St. Johns County has plan to fix breach after hurricane washes out road
Old A1A, Summer Haven River covered in sand from Dorian storm surge
ST. JOHNS COUNTY, Fla. – If you stand at the intersection where Old A1A meets A1A in St. Johns County, you might notice something is missing: Old A1A.
So much sand washed over the highway during Hurricane Dorian's storm surge that a "Road Closed" sign is really the only evidence that a road was ever there.
Jesse Turner, a St. Johns County resident who once worked for the county but has since retired, said he used to maintain Old A1A and watched it change over the years with each passing storm.
"But, as you can see, now there's not anything left to maintain," Turner said.
St. Johns County resident Raymond Daidle said he used to commute along Old A1A.
"I drove a truck through here many a day. Now, it's all gone," Daidle said. "It's all gone into the Intracoastal here. It's bad."
On Thursday, water from the Atlantic Ocean could be seen still washing through a breach left from the hurricane, covering what is supposed to be Old A1A and heading toward a nearby home.
St. Johns County officials said they are making every effort to close the breach. After a damage survey was completed Sept. 6, county commissioners approved a plan Sept. 12 to excavate sediment from the Summer Haven River and use it to close the breach.

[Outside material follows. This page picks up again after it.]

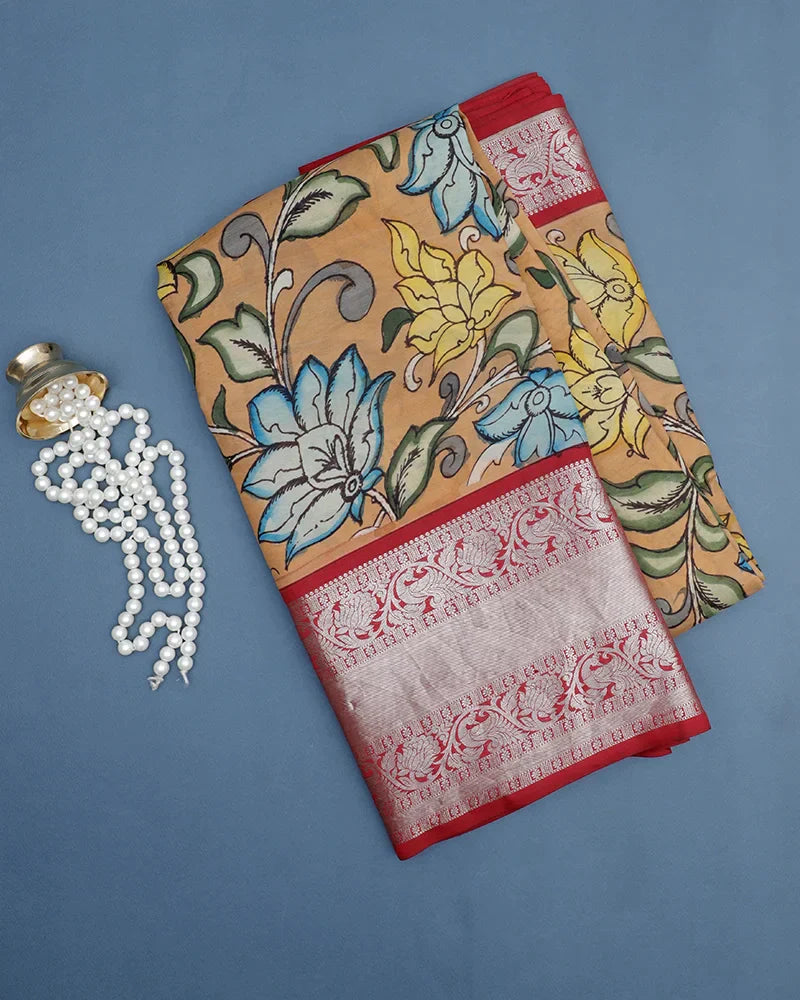 The Orange Kalamkari Silk Saree - PattuCheeralu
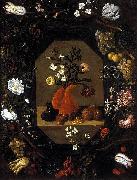 Juan de  Espinosa surrounded by a wreath of flowers and fruit Sweden oil painting artist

Before-and-after aerial photos the county provided show that where the Summer Haven River should be is now so filled with sediment it looks like an extension of the beach.
On Thursday, in an area less than a mile north of the breach by Old A1A, the ocean tide covered that extended beach, surrounding some homes that sit on stilts and making them all but inaccessible.
The county said it would have acted even more quickly to close the breach but it had to obtain authorization from several local, state and federal agencies, and an emergency request for bids wasn't put out until Wednesday. County officials said a project like this requires a contractor for certain types of equipment and manpower.
Bidding on the county's contract closes Friday, and county officials anticipate a contractor will be selected quickly and will begin work late next week.
In the meantime, Turner spent much of Thursday using a Bobcat to rebuild a barrier of sand between the homes and ocean.
"I am trying to get the sand out from under this house -- they had a couple of feet of sand that was under it, washing in -- and get a berm built back up here to keep the water from coming in again," Turner said. "If (the water) gets any higher, I am going to have to stop."
The county's project to close the breach is expected to take four weeks once a contractor gets the green light.